Table 25.13: RMSFE Estimates

	RMSFE_POOS	RMSFE_SER	RMSFE_FPE
0	2.29	2.33	2.35

In Figure 25.21, we plot the actual growth rate, the forecasted growth rate, and the forecast errors. The forecasted growth rate closely tracks the actual U.S. GDP growth rate, except for a single period in 2008:Q4, when the forecast error is notably large.

Based on our results in Table 25.13 and Figure 25.21, we conclude that-aside from the large forecast error in 2008:Q4-the performance of the ADL($2,2$) forecasting model during the pseudo-out-of-sample period (2003:Q1–2017:Q4) is relatively better than its performance during the in-sample period (1981:Q1–2002:Q4).

# Plot of the actual GDP growth rate, the forecasted GDP growth rate, and the forecast errors
# Index positions for the start and end dates
t1 = np.where(mydata.index == "2003-01-01")[0][0]
T = np.where(mydata.index == "2017-10-01")[0][0]

# Create a DataFrame to store the forecasts
forecasts = pd.DataFrame({'forecasts': np.nan}, index=pd.date_range(start='2003-01-01', end='2017-10-01', freq='QS'))

# Fill in the forecasts in the DataFrame
forecasts.loc[:, 'forecasts'] = savers_adl22[:, 1]
forecasts.loc[:, 'forecastsErrors'] = savers_adl22[:, 0]

# Create a figure and axis
fig, ax = plt.subplots(figsize=(6, 4))

# Plot the actual GDP growth rate
ax.plot("YGROWTH", data=mydata.loc["2003-01-01":"2017-10-01", :], linestyle='-', label='Actual growth rate')

# Plot the forecasted GDP growth rate
ax.plot('forecasts', data=forecasts, color='red', linestyle='--', label='Forecast growth rate')

# Plot the upper and lower bounds of the forecast interval
ax.fill_between(forecasts.index, forecasts['forecasts'], mydata.loc["2003-01-01":"2017-10-01", "YGROWTH"], color='steelblue', alpha=0.4, label='Forecast error')

# Add a horizontal dashed line at 0
ax.axhline(0, linestyle='--', color='black', linewidth=1)

# Set the x and y labels
ax.set(xlabel='Date', ylabel='GDP growth rate')

# Add a legend
ax.legend(frameon = False)

# Show the plot
plt.show()

Figure 25.21: Plot of the actual GDP growth rate, the forecasted GDP growth rate, and the forecast errors

25.11.9 Avoiding the problems caused by breaks

The best way to deal with the problems caused by a break depends on the source of the break.

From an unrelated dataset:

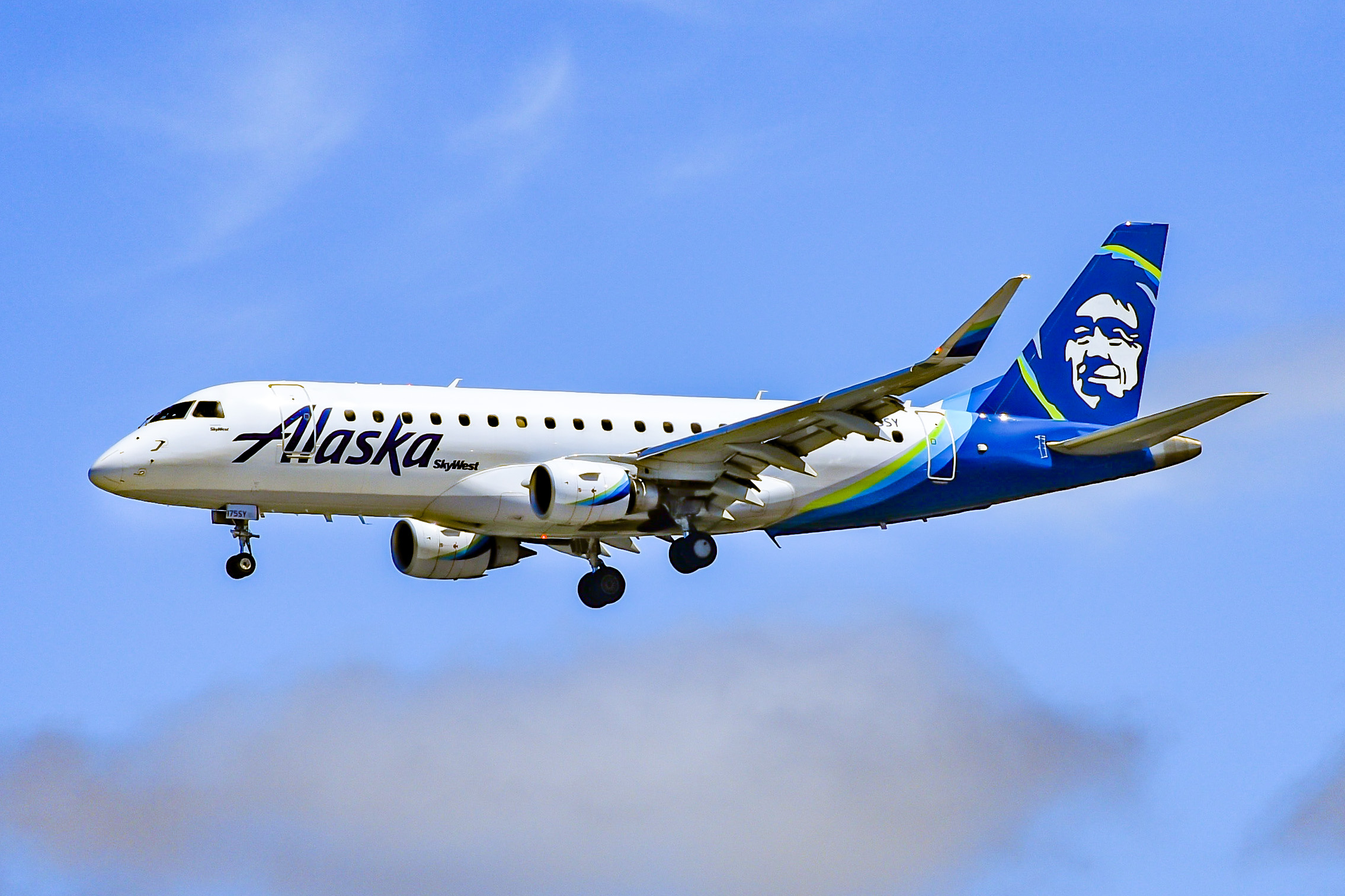 Full size: Alaska Airlines Embraer E175LR N175SY at Vancouver International Airport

If there is a single break detected by the QLR test, we can simply adjust our regression by including the break dummy variable and the interaction terms between the break dummy variable and the other regressors. If we suspect that all coffecients break, we may also choose using only the post-break data to estimate our regression model.

25.12 ARMA models

We can use the lag polynomials introduced in Section 22.11.2 to extend the AR and ADL models to the autoregressive–moving average (ARMA) model. This type of model also allows for a distributed lag process for the error term. The ARMA($p,q$) model is defined as \[ Y_t = \beta_0 + \beta_1Y_{t-1} + \cdots + \beta_pY_{t-p} + u_t + \theta_1u_{t-1} + \cdots + \theta_qu_{t-q}, \] where $\beta_1,\beta_2,\ldots,\beta_p$ are the AR coefficients, $\theta_1,\theta_2,\ldots,\theta_q$ are the moving average (MA) coefficients, and $u_t$ is an i.i.d. error term with mean zero and variance $\sigma^2_u$. We can express the ARMA($p,q$) model as \[ \begin{align*} &(1 - \beta_1L - \cdots - \beta_pL^p)Y_t = \beta_0 + (1 + \theta_1L + \cdots + \theta_qL^q)u_t\\ &\implies a(L)Y_t = \beta_0 + b(L)u_t, \end{align*} \] where $a(L)=(1 - \beta_1L - \cdots - \beta_pL^p)$ and $b(L)=(1 + \theta_1L + \cdots + \theta_qL^q)$.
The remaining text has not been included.